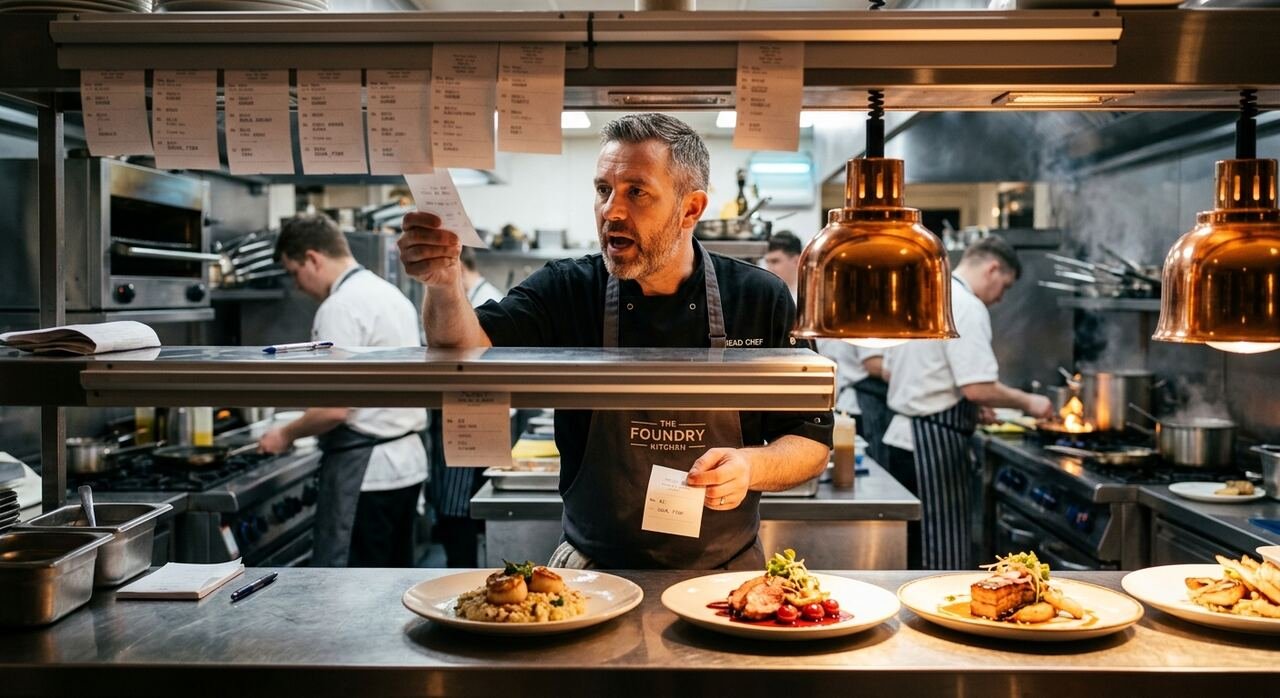Chef ejecutivo dirigiendo el pase durante el servicio, con la brigada emplatando y las comandas en marcha en una cocina profesional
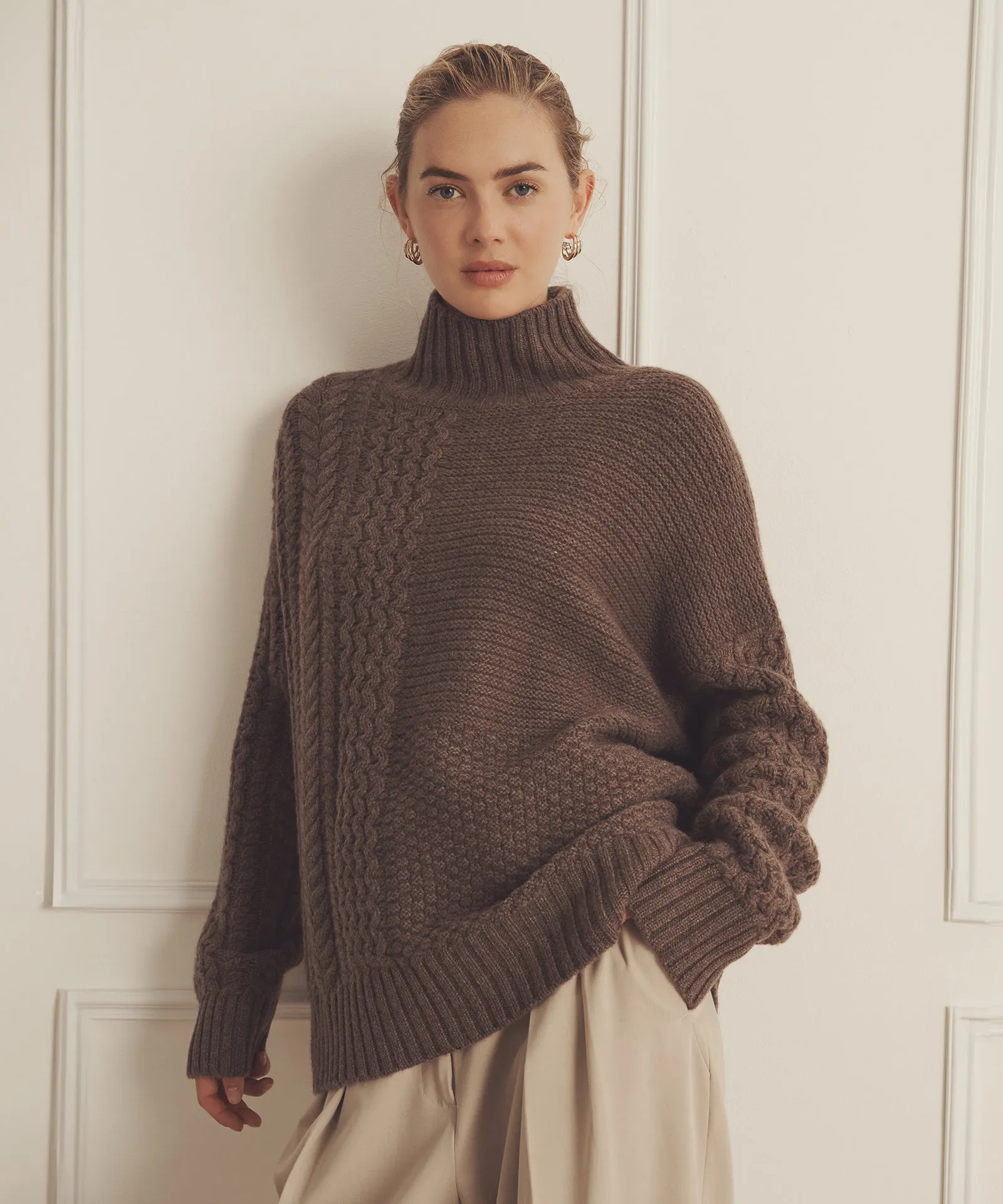 Super Luxe Cashmere Mixed Stitch Turtleneck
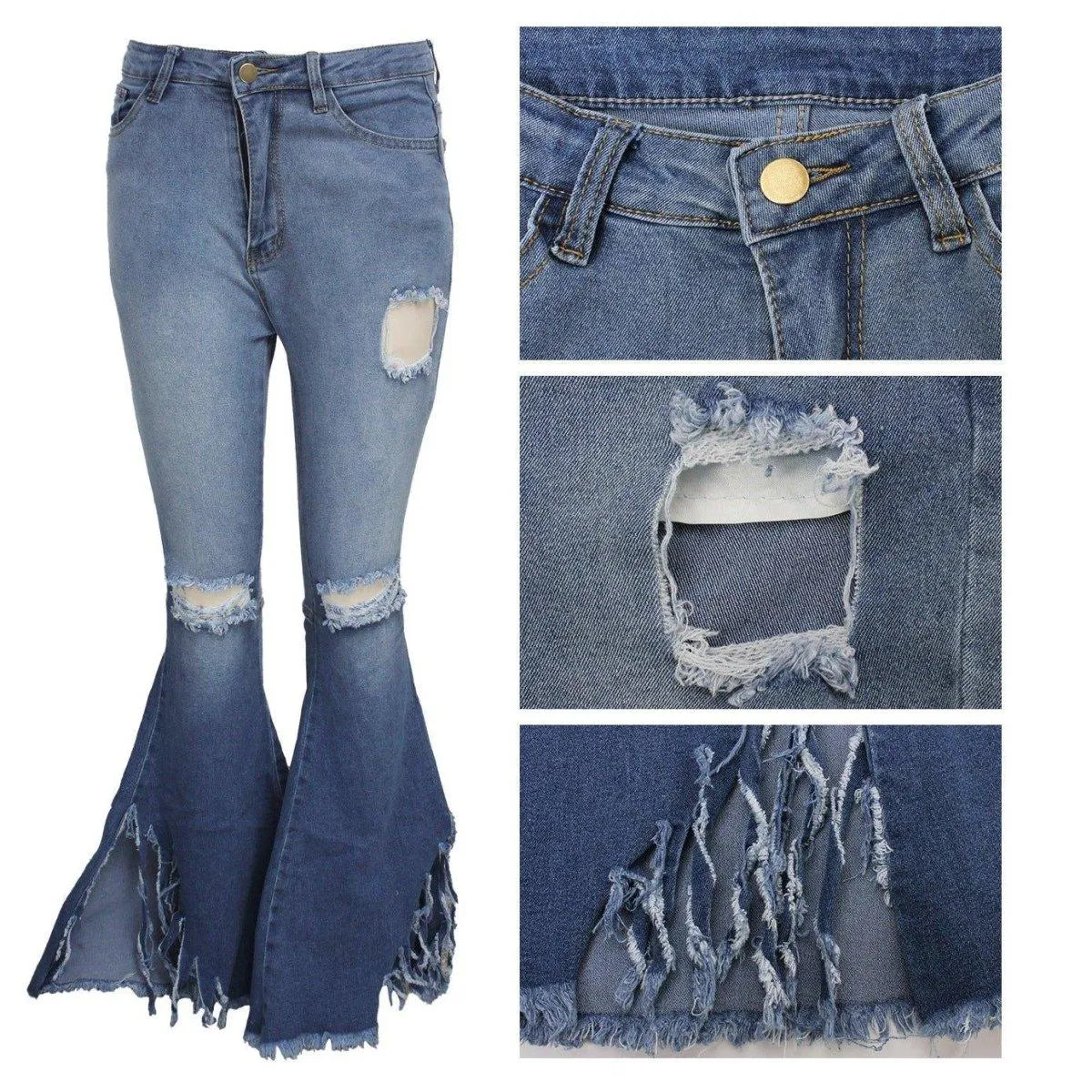 Distressed Shredded Wide Leg Denim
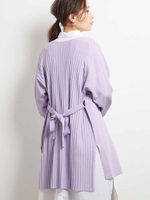 【UVケア】ベルト付きトッパーカーディガン/ラベンダー
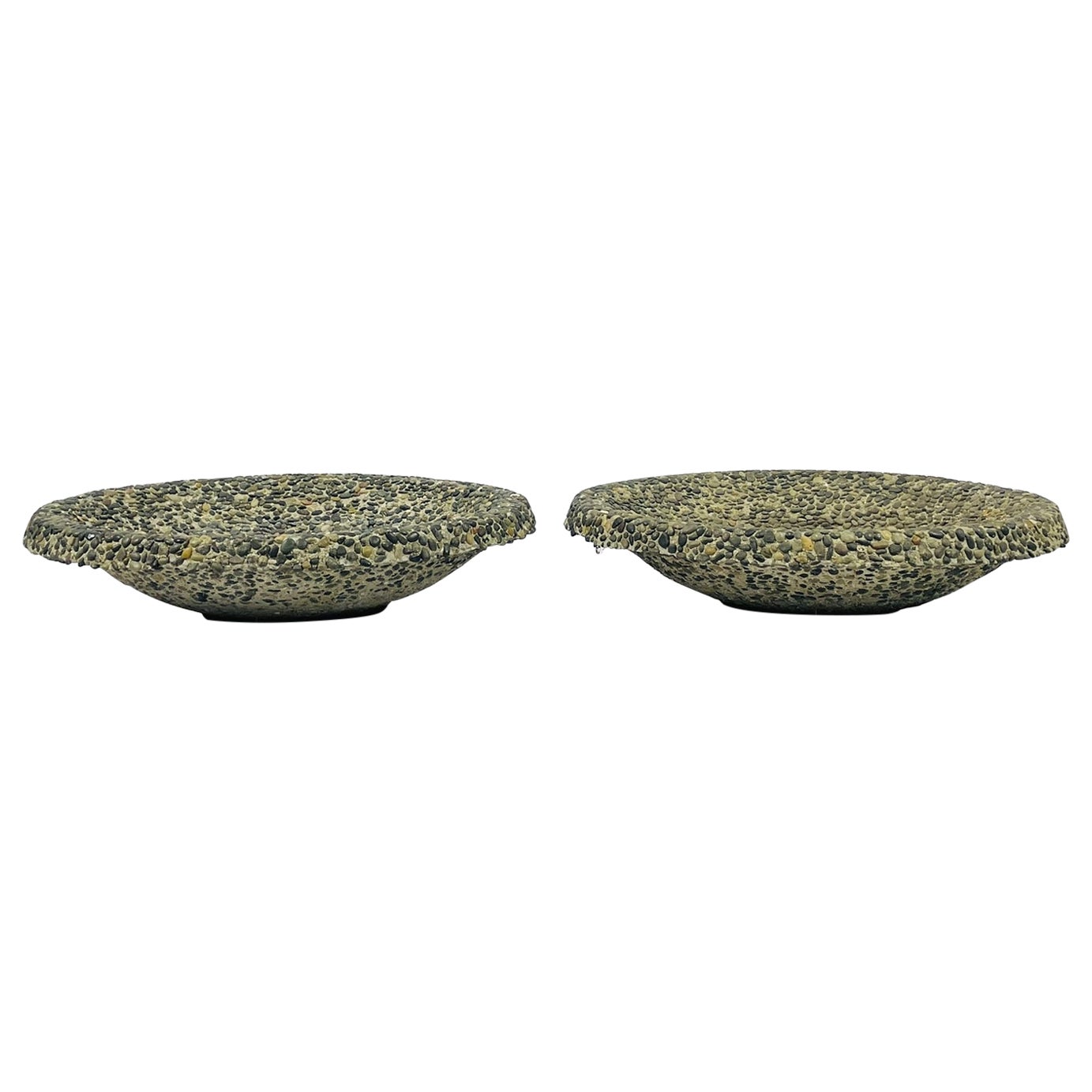 Vintage Pebble Stone & Concrete Planters, a Pair For Sale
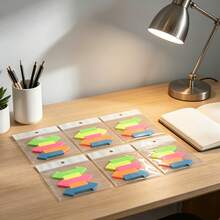 Pestañas de índice fluorescentes de PET con forma de flecha, pegatinas indicadoras de clasificación para estudiantes, etiquetas de notas adhesivas removibles para oficina, reutilizables - Multicolor - Ver 3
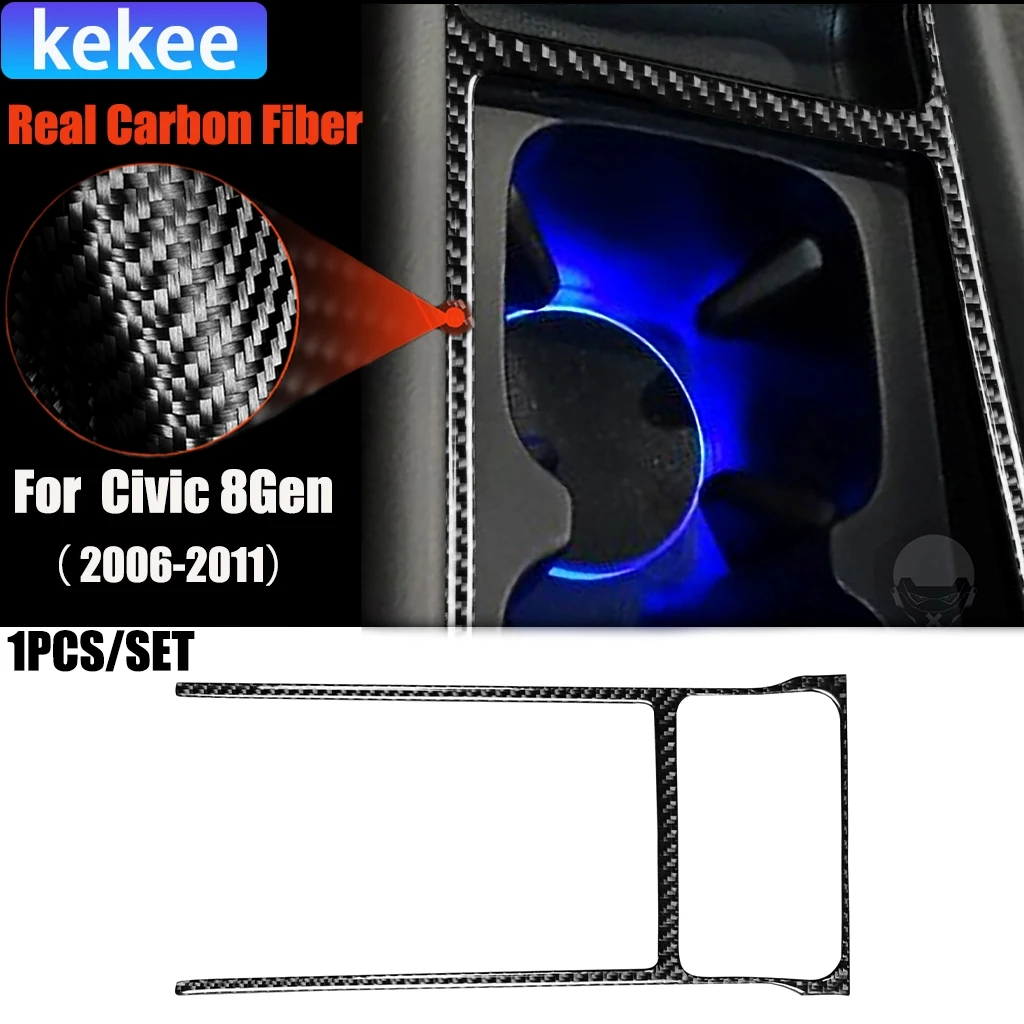 

Автомобильные аксессуары из углеродного волокна, подстаканник, рамка, модифицированная внутренняя отделка, наклейка для Honda Civic 8-го поколения 2006 2007 2008-2011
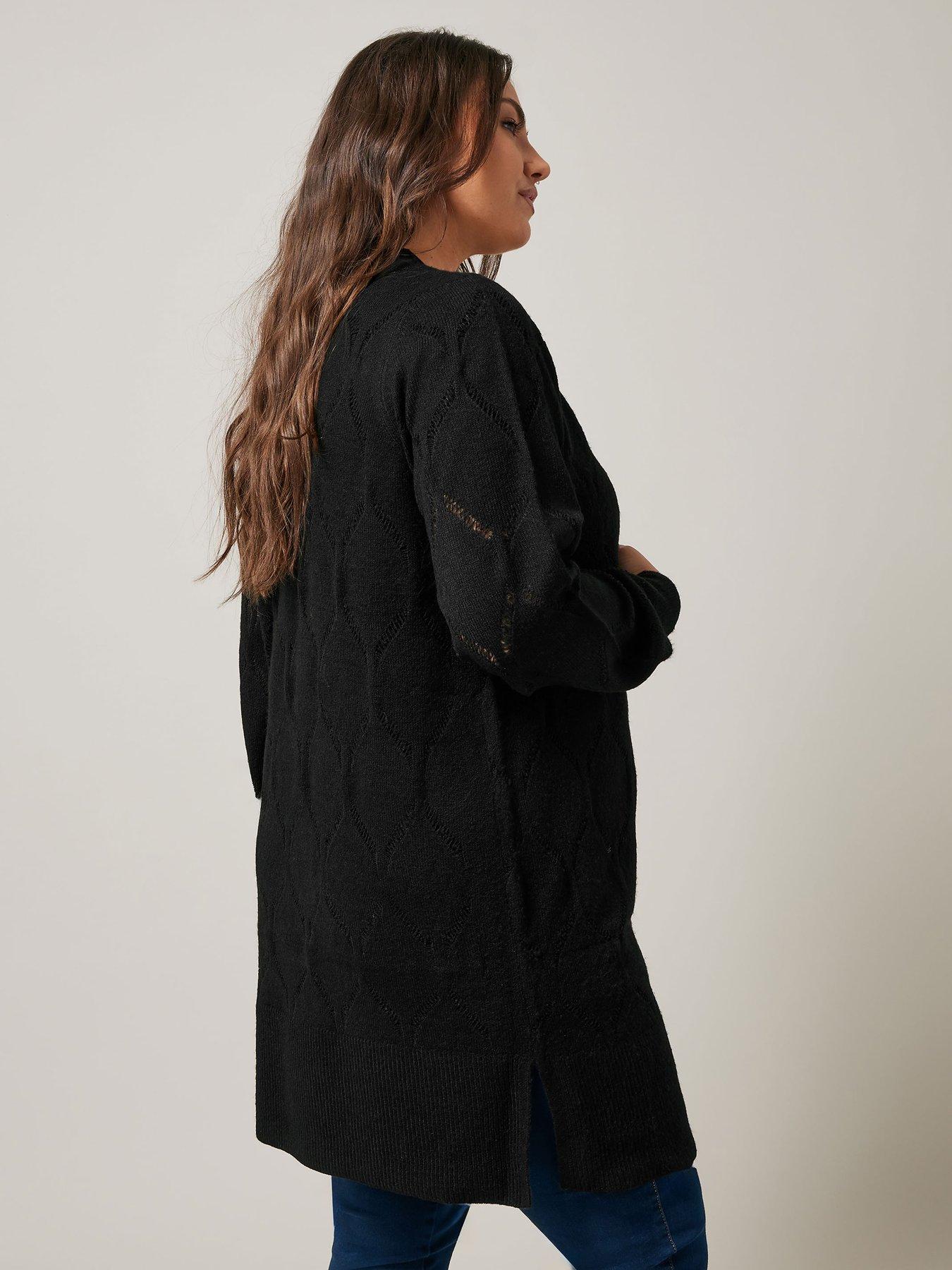 Image 2 of 4 of Evans Pointelle Cardigan - Black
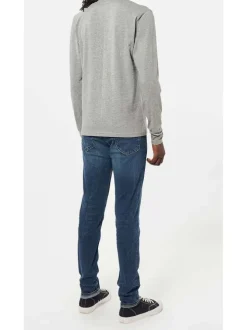 Lot de 2 T-Shirts gris et marine en coton coupe slim avec un col en v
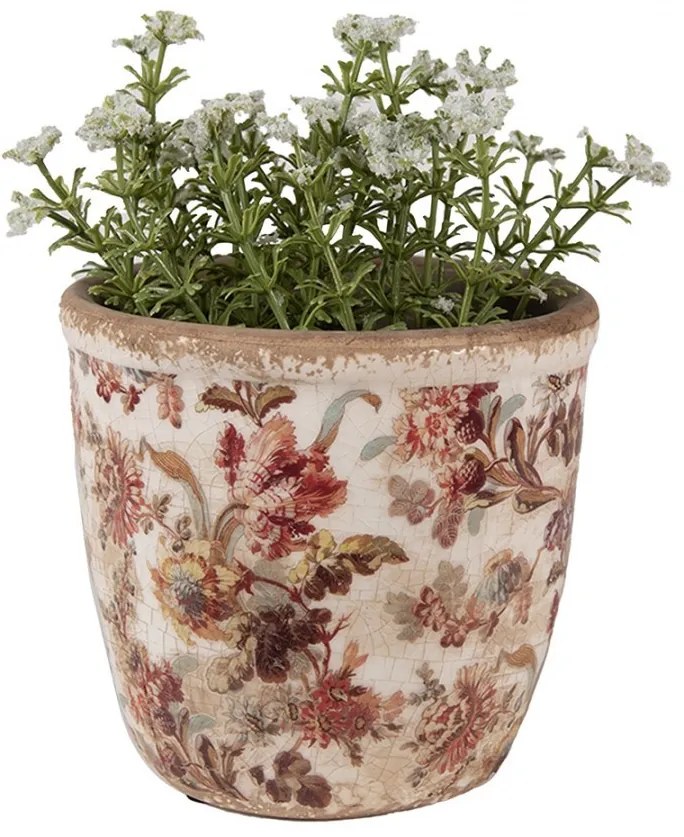 Béžový keramický obal na kvetináč s kvetmi Flovia S - Ø 11*11 cm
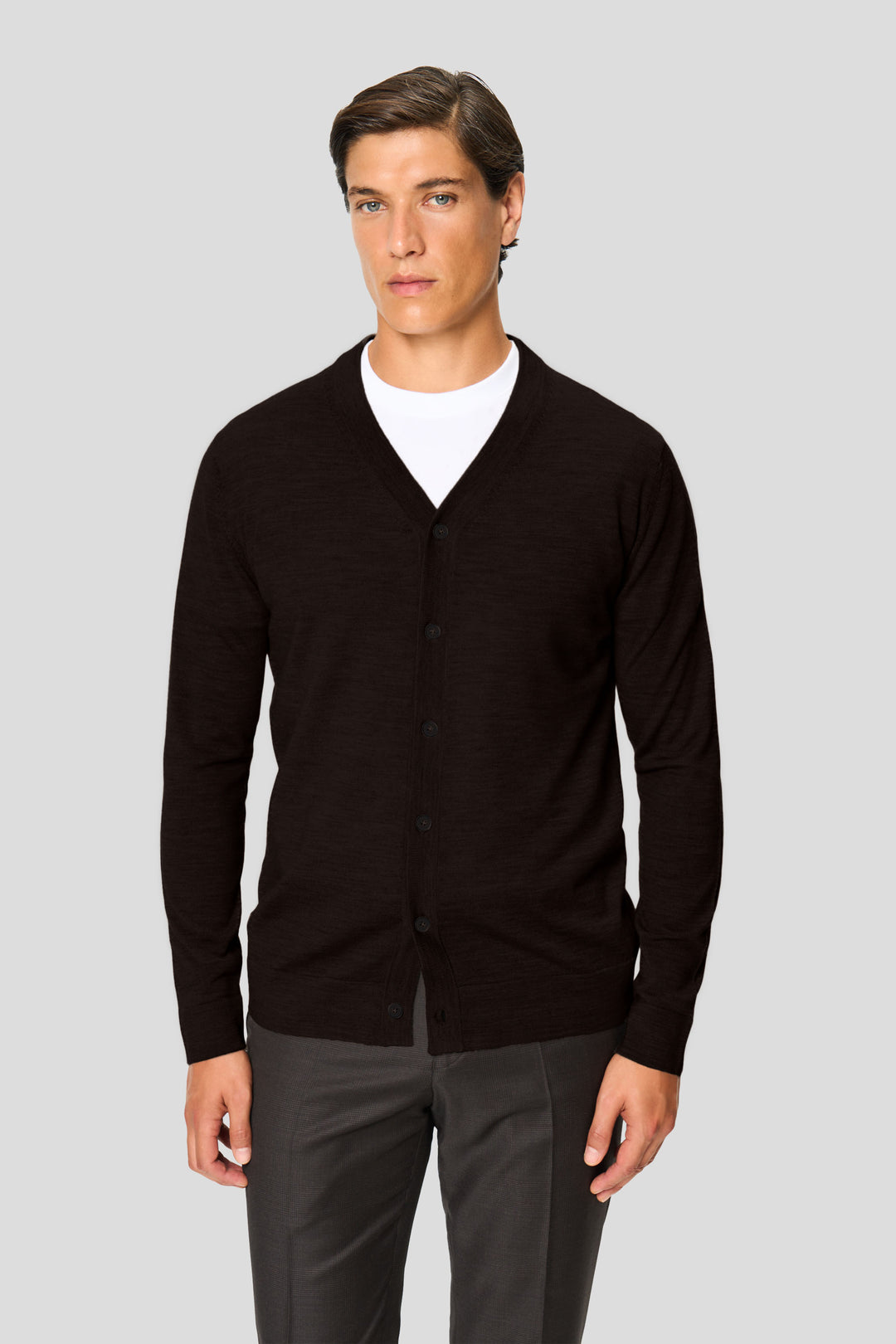 Brauner Merino-Cardigan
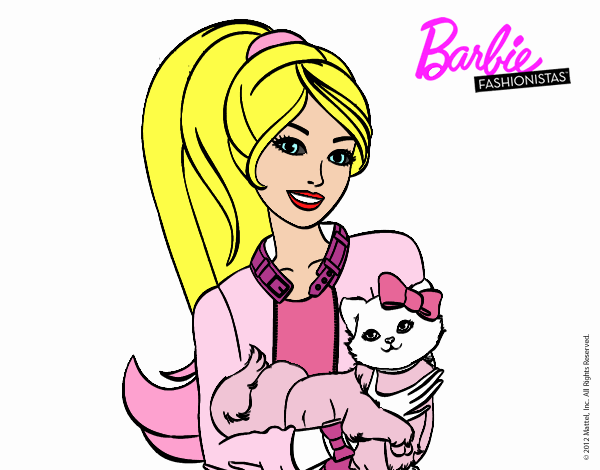 Barbie con su linda gatita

§ Assignment
Although the records above contain pictures, the copy should hold only the lines from their start through the line containing "Vintage Pebble Stone", each exactly as written, and none of the pictures.

§ Problem solution
Chef ejecutivo dirigiendo el pase durante el servicio, con la brigada emplatando y las comandas en marcha en una cocina profesional
 Super Luxe Cashmere Mixed Stitch Turtleneck
 Distressed Shredded Wide Leg Denim
 【UVケア】ベルト付きトッパーカーディガン/ラベンダー
 Vintage Pebble Stone & Concrete Planters, a Pair For Sale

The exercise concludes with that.